Started by students Cody Dixon and Julian Harrell, S.O.U.L. (Sounds of Universal Love) Power Productions is essentially a record label without the for-profit mission. Its primary goal is to enable new artists in their careers by producing their music and connecting them with other musicians and venues in the Charleston area.
Dixon, an arts management major, founded Soul Power after he and Harrell took a grant writing class with arts management program director and associate professor Karen Chandler. Chandler’s class combines theory and practice, encouraging students to visualize how arts and cultural institutions operate and function. Her emphasis on creative sustainability in funding the arts opened Dixon’s eyes to how often resources go unused. He noticed the assets available in the Charleston area, and, equipped with knowledge from Chandler’s class, decided to put those resources to work.

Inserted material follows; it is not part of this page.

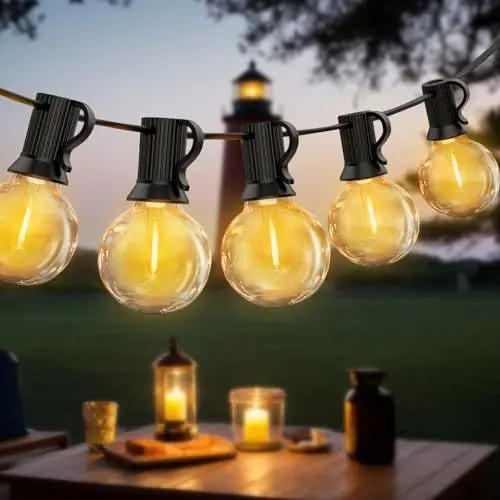 Produktbild: VIFLYKOO Lichterkette Außen, 15M 25+3 LED Lichterkette Outdoor Strom, Lichterkette Glühbirnen Außen Wasserdicht Wetterfest für Garten Terrasse, Balkon, Hof, Party Deko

“To actually start an arts nonprofit has operationalized and made really real what Cody and Julian are learning,” says Chandler. “This is what teaching and learning is all about.”
Not long after starting Soul Power, Dixon recruited Harrell, who majors in marketing with an arts management minor. Harrell says his experiences at the College allowed him to use what he learned in his business classes to support and expand his hobby as a musician. He says that one of Soul Power’s missions is to educate artists about making a living doing what they love, with the stipulation that the artists need to put some effort into the process.

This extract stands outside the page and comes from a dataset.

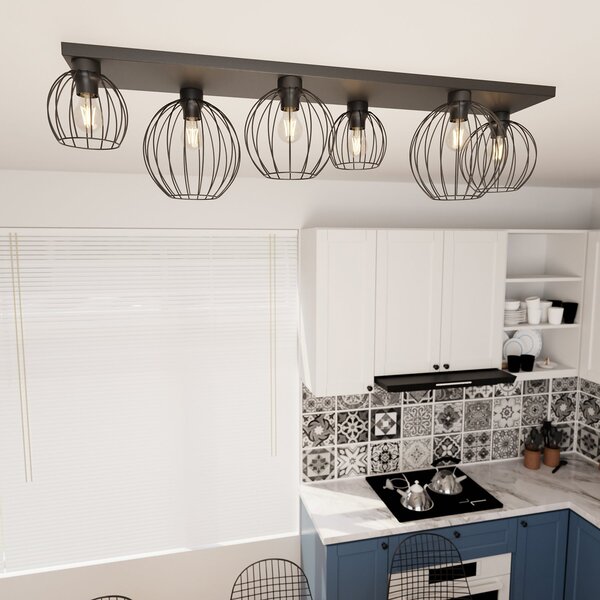 Plafoniera Minimal Industrial Orion 6 Luci Lineari Nera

“You have to have some sort of drive and ambition to even approach us,” Harrell says. “We want you to be proactive and engaged.”

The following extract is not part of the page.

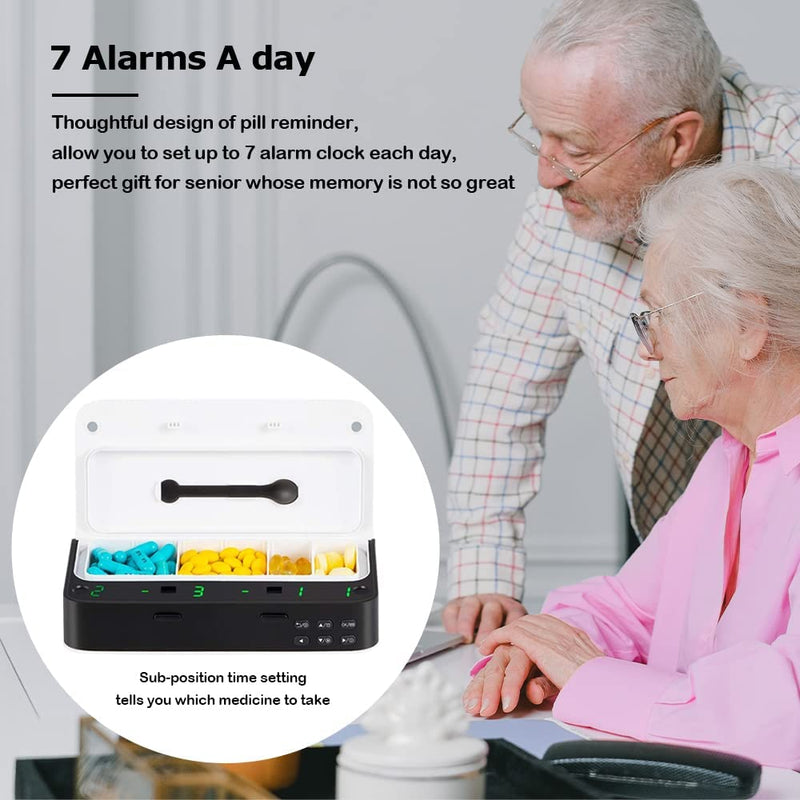 [Australia] - Pill Dispenser with Alarm, Daily Medicine Pill Organizer with up to 7 Alarms A Day,Smart Pill Box 6 Compartments, Pill Reminder for Elderly,Blue Blue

A good example of a motivated, burgeoning artist is Tynishia Brown, an English major at the College who worked with Soul Power to release her album Experience EP in 2017.
Soul Power also features a secondary outreach effort called “Building Blocks,” which strives to increase music education opportunities for youths from low-income areas and schools that lack adequate arts funding. Along with creating rehearsal spaces and after-school programs, Dixon plans to host music-writing workshops to bring young musicians out into nature to work on their craft.
“We can take them out to where they don’t have cellphone service or Wi-Fi,” Dixon says. “Just nature and bare necessities, and creation and music and art.”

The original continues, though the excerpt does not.